*** Information shown ***

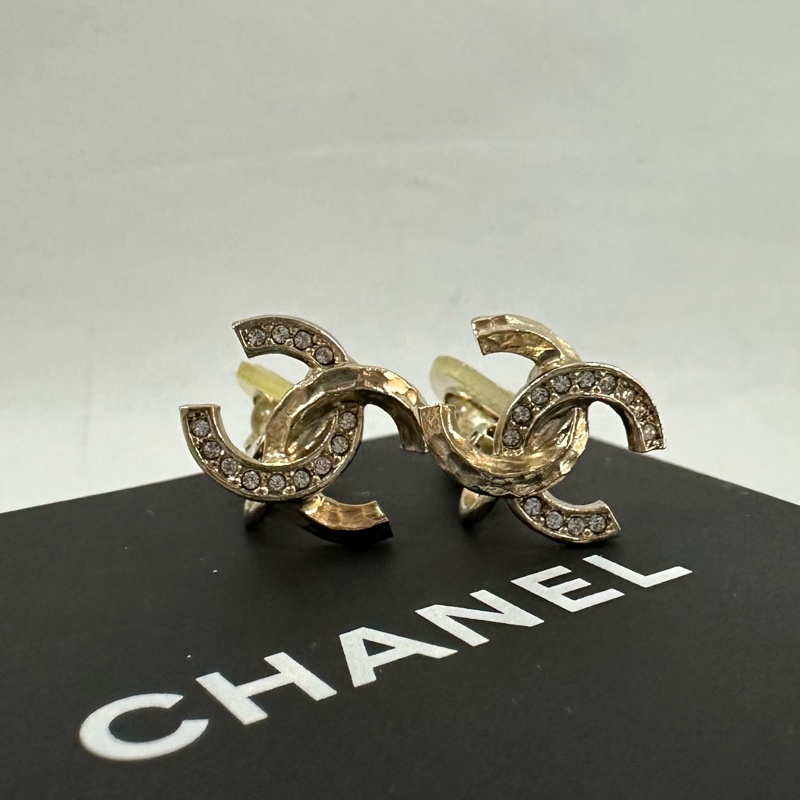chanel Ab7333 金色金屬水鑽耳夾-0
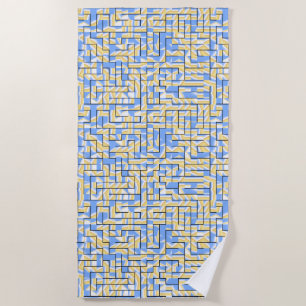 Blue and Yellow Maze Beach Towel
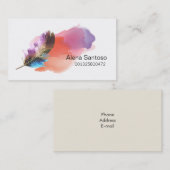 Carte De Visite Aquarelle de plumes (Devant / Derrière)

*** End of Information shown ***

■ **Task directions**
Give again exactly the lines from the one that contains "Blue and Yellow Maze Beach Towel" through the end of the material, both ends included, omitting the pictures.

■ **Response to this task**
 Blue and Yellow Maze Beach Towel
 Carte De Visite Aquarelle de plumes (Devant / Derrière)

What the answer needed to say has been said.